*Information given:*
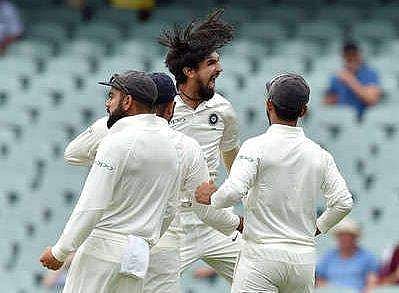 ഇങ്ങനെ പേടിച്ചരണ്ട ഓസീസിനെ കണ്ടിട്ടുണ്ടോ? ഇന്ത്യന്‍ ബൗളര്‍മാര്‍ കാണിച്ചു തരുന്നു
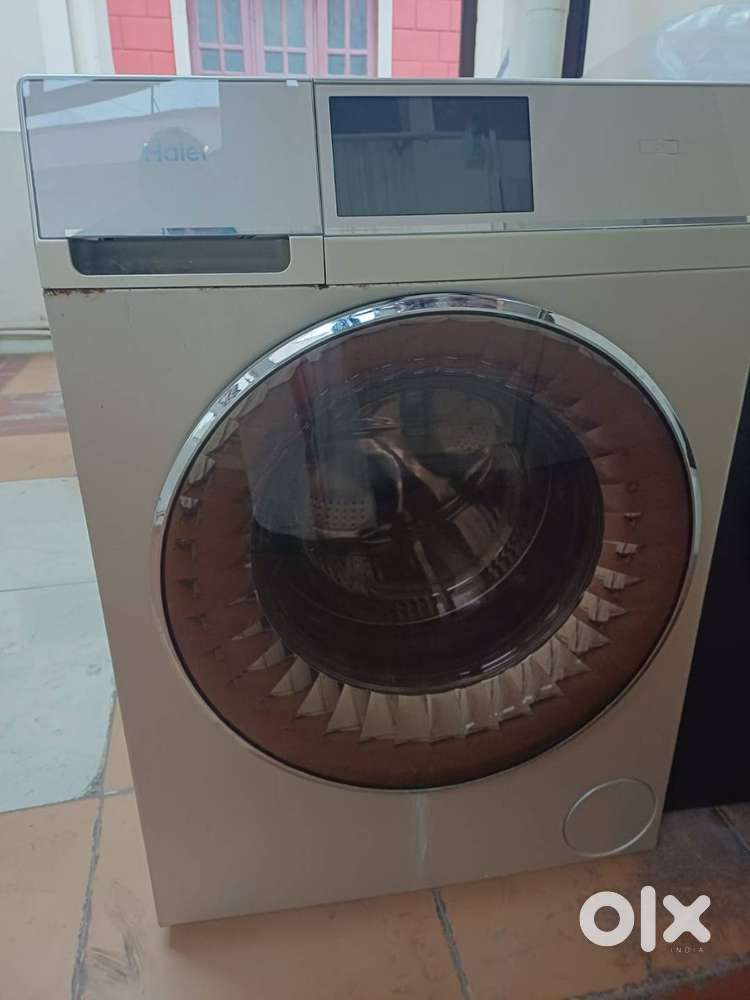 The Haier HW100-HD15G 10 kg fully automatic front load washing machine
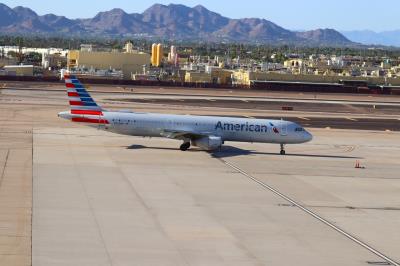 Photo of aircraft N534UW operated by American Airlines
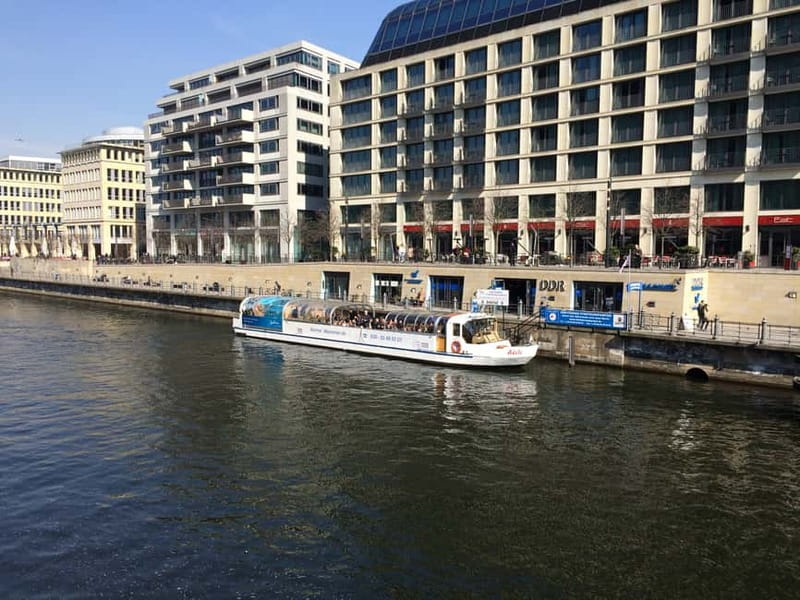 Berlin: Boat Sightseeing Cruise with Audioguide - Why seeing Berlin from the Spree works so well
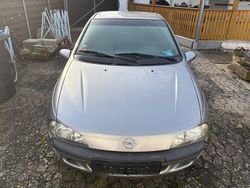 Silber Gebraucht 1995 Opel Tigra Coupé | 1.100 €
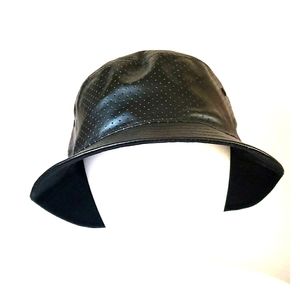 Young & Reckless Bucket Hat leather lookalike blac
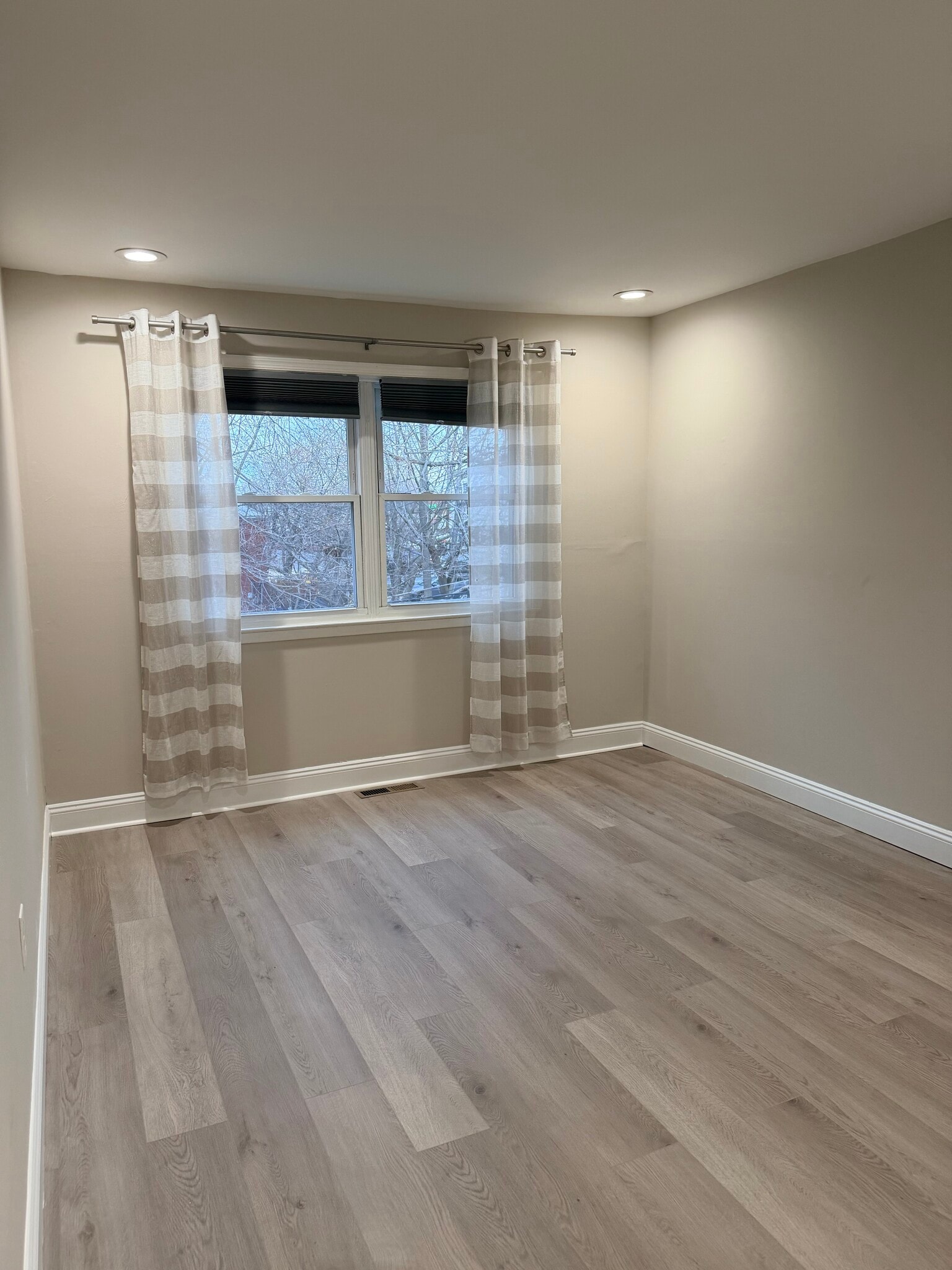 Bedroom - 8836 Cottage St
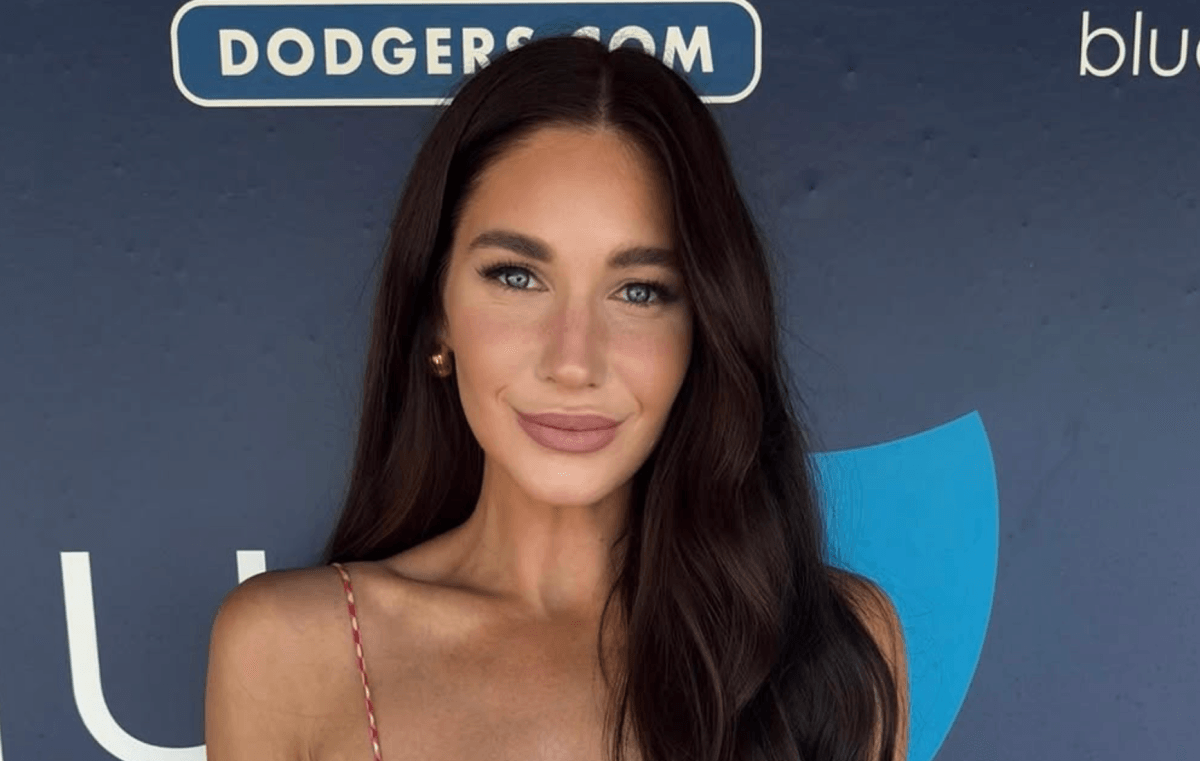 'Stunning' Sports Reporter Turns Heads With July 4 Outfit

*Problem to solve:* Leave every image out and retype the entries above word for word.

*Response to this task:*
 ഇങ്ങനെ പേടിച്ചരണ്ട ഓസീസിനെ കണ്ടിട്ടുണ്ടോ? ഇന്ത്യന്‍ ബൗളര്‍മാര്‍ കാണിച്ചു തരുന്നു
 The Haier HW100-HD15G 10 kg fully automatic front load washing machine
 Photo of aircraft N534UW operated by American Airlines
 Berlin: Boat Sightseeing Cruise with Audioguide - Why seeing Berlin from the Spree works so well
 Silber Gebraucht 1995 Opel Tigra Coupé | 1.100 €
 Young & Reckless Bucket Hat leather lookalike blac
 Bedroom - 8836 Cottage St
 'Stunning' Sports Reporter Turns Heads With July 4 Outfit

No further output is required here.